I Too Was Once a Materialist

The test of an intelligent critic is that he gets one’s arguments straight, putting them in ways that one wishes one had been clever enough to devise. My old friend Greg Clark passes the test at three A’s in A-levels. He’s exactly right, for example, about our shared dismay at the boyish charms of incentives à la Freakonomics. In Bourgeois Dignity I have some vexed discussion of how “institutions” have come in some circles to mean “economic incentives.” When I read Steve Levitt or Doug North I’m reminded of Mae West’s response: “I approve of the institution of marriage. But I’m not ready for an institution.”

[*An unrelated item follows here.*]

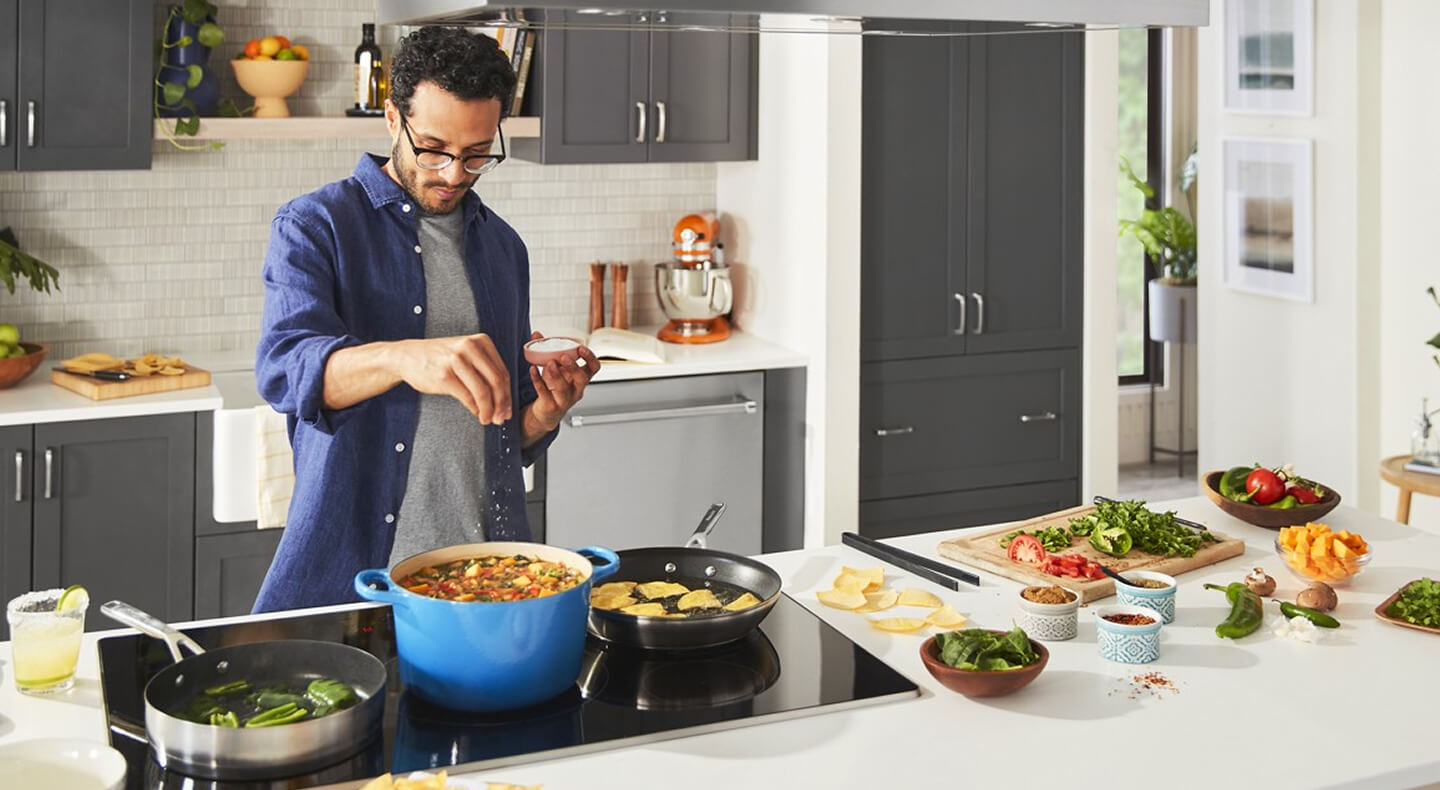 A person salting their food atop an induction cooktop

“Incentives explain very little of the huge gaps in wealth cross the world.” Yes. Put it down as a settled scientific finding. “In case after case we find, deep in the 10,000 years of economic stagnation, fully incentivized market societies.” Yes again. So Greg and I and Mokyr and Goldstone want economic historians, and especially economists, to stop claiming that rationality is new, or that activating it explains the modern world, or that an economic growth in the bourgeois countries over the past two centuries of 2000% (conservatively measured) can be explained by routine responses to routine incentives that any bright second-year student of economics could draw a nice diagram of.

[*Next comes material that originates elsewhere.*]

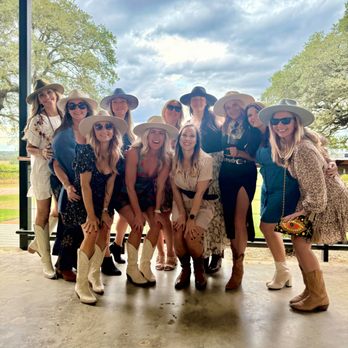 360 Transportation - A group of twelve women dressed in western-themed clothing, including cowboy hats, sunglasses, and boots, pose together on a covered outdoor patio with a scenic background of trees and cloudy sky. They are smiling and appear to be enjoying a social gathering or event. - Buses Near Me - Austin, Texas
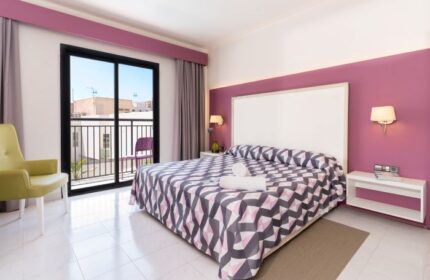 The Purple Hotel Ibiza room. Modern room in gay hotel, purple accent wall, balcony, geometric bedspread, and chair. Gay travel advice.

But Greg claims that Mokyr and I have “no account for why the Industrial Revolution waited so long.” Oh, yes we do. We say that social ideas changed in a thoroughly liberal direction for the first and only time in history during the seventeenth and eighteenth centuries, first in Holland, then in England and Pennsylvania, and then Massachusetts, Scotland, and the world. They changed for reasons that were sometimes material (London was unusually big and strong when the bumbling Stuarts came to the throne) and sometimes non-material (Voltaire, Montesquieu, Hume, and Smith lived and wrote as they did) and sometimes both (Protestant presses vied with Catholic ones for new readers). Bourgeois Dignity has a chapter on Greg’s worry/criticism that liberalism might fade. But we all agree—Ridley, Clark, Mokyr, and I—that the cat of liberty is hard or impossible to put back in the hierarchical bag once the accidental liberals around the North Sea let it out, and especially once it resulted in the 2000% percent or more increase in human scope. For which praise God.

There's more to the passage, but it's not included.